Like the horror genre, science fiction is intended to stir our emotions, our subconscious, and our mythological leanings. Its images strive to remove us from a known world, replacing it with an abstracted, hyper-real world, resplendent with tableaux of incongruous shapes and constructions, as found in the archetypal movies of this genre, such as Ridley Scott’s Alien and Stanley Kubrick’s groundbreaking 2001:Space Odyssey. The iconography is at once alien, yet strangely familiar, as if we have seen it all before in a dream: Loeb depicts white, hexagonal hallways whose geometrical pattern stretches interminably. It is an articulation of our present-day fantasies, which is why we feel a sense of vertigo as we stand before Loeb’s canvases, as if on the edge of a parallel world that is contingent with the ‘real’. It lets us make the transition across ontological boundaries into ‘other’ realms, postulating multiple worlds, worlds of space-stations and control rooms, subterranean worlds, that are fantastic, yet seem part-real at the same time. And it is this inherent paradox that is a necessary precondition of the genre; it takes elements that are familiar to us, whether they are ‘real, or from the realm of our subconscious, and creates a slightly skewed, unfamiliar version of our own world.

 

With this series, Loeb illustrates the dissipation of horror and science fiction as domains of the imagination autonomous from reality.

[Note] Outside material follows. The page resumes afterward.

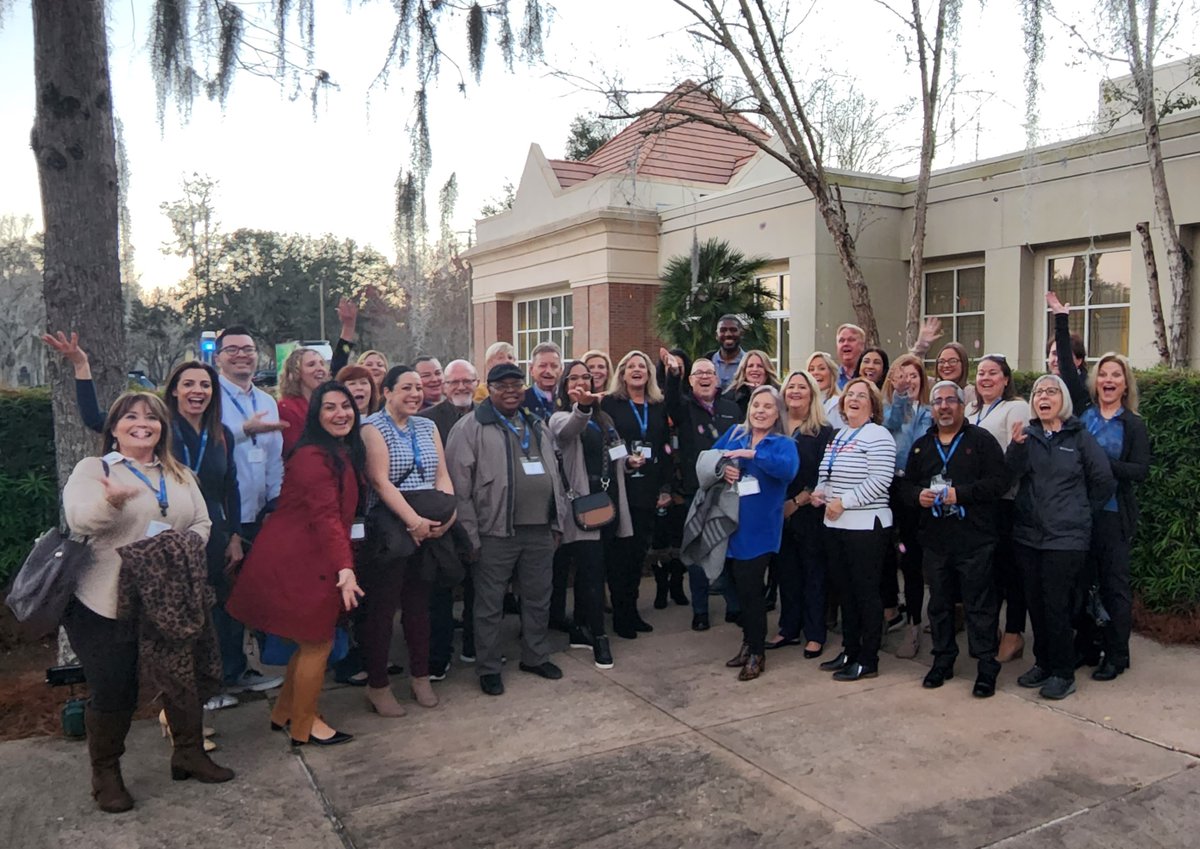 HelmsBriscoe's tweet photo. Our Florida team is tossing confetti to celebrate another great year! Thank you to the @UFHilton and @Gainesville for hosting our Florida team meeting this week! #WhyHB https://t.co/ZZbWrZ50lC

Cinematic image becomes the world picture, in the words of Heidegger, as the world becomes it. His indelible images blur the boundary between the real and unreal, the familiar and the unfamiliar, reuniting the conscious and unconscious realms and seamlessly interweaving the fantastic with the mundane, through his characteristic, invisible brushwork. It is also particularly fitting that he succeeds in disintegrating not just these boundaries, but also the false dichotomy between high/low culture and between art/entertainment, which has for too long segregated horror and science fiction as mass-market and therefore of little worth. With Horror and Sci-Fi, Loeb succeeds in capturing the reality of the unreal, breathing life into the images that haunt our subconscious and offering us a glimpse into the deep, dark domain of the unknown.